====== Provided data ======

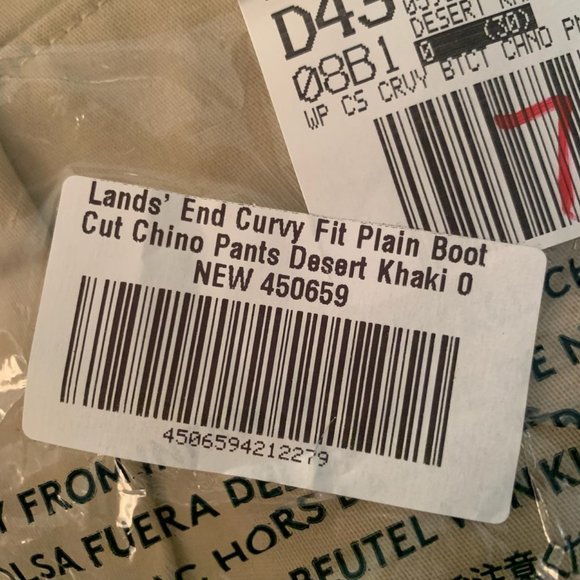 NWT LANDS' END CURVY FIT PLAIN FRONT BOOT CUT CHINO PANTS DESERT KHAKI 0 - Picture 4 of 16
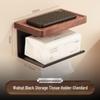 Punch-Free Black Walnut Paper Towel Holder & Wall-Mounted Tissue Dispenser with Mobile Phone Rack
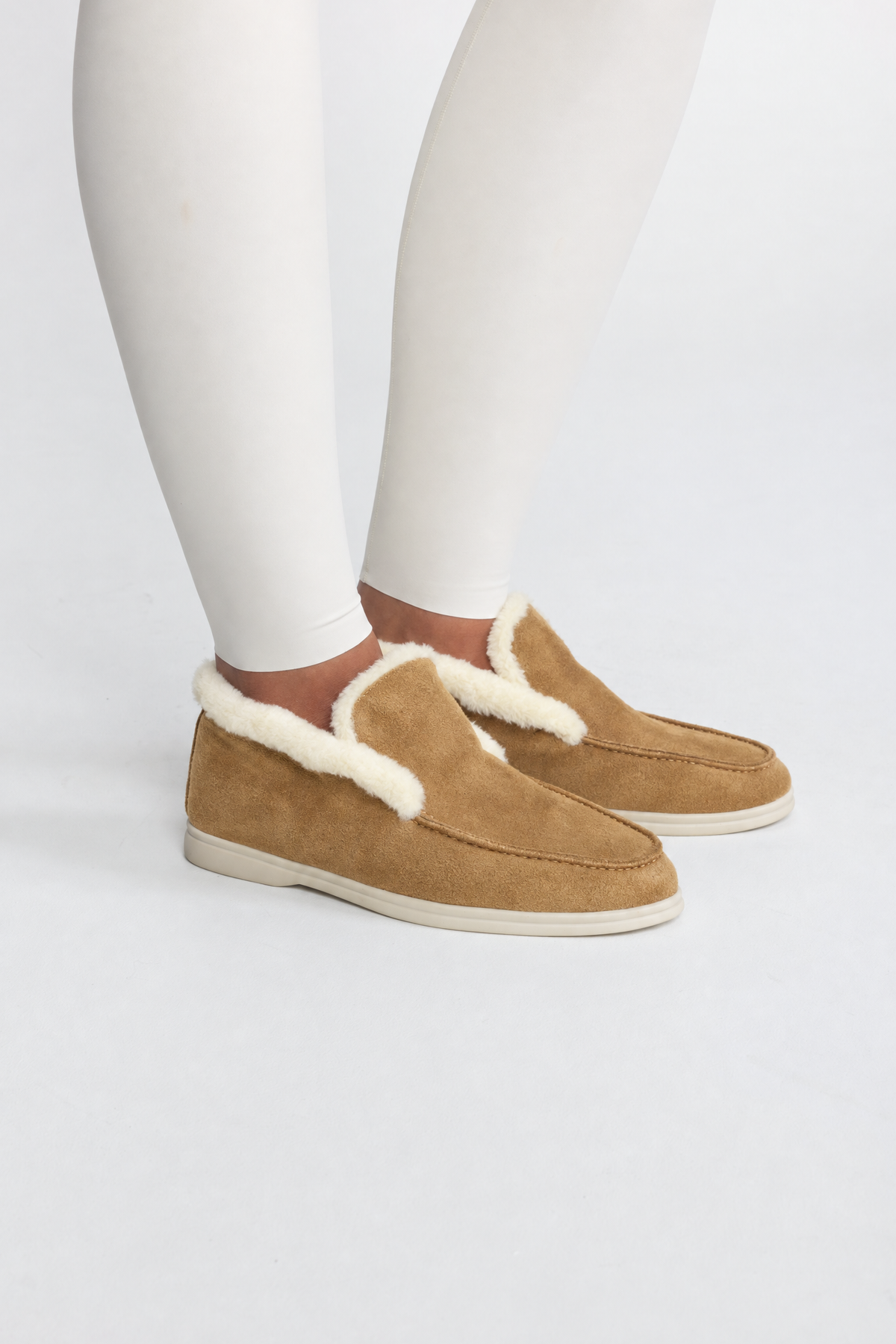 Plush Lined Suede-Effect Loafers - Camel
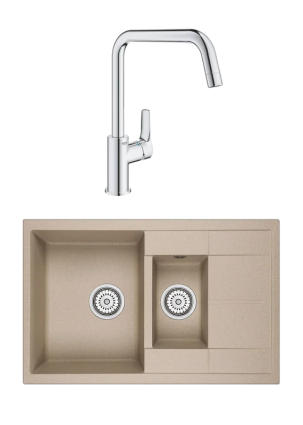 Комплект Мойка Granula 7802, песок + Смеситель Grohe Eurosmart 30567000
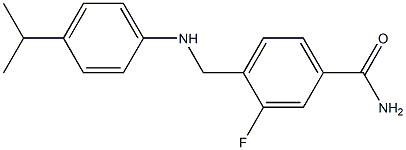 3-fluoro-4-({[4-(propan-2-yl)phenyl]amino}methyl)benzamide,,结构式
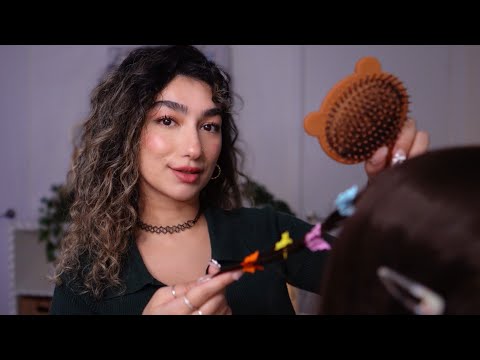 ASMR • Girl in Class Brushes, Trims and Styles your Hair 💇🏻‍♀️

======

Exercise:
Copy the entries above exactly from the line with "Punch-Free Black Walnut" down to their last line, both ends included. Do not copy any pictures.

Solution to this problem:
 Punch-Free Black Walnut Paper Towel Holder & Wall-Mounted Tissue Dispenser with Mobile Phone Rack
 Plush Lined Suede-Effect Loafers - Camel
 Комплект Мойка Granula 7802, песок + Смеситель Grohe Eurosmart 30567000
 3-fluoro-4-({[4-(propan-2-yl)phenyl]amino}methyl)benzamide,,结构式
 ASMR • Girl in Class Brushes, Trims and Styles your Hair 💇🏻‍♀️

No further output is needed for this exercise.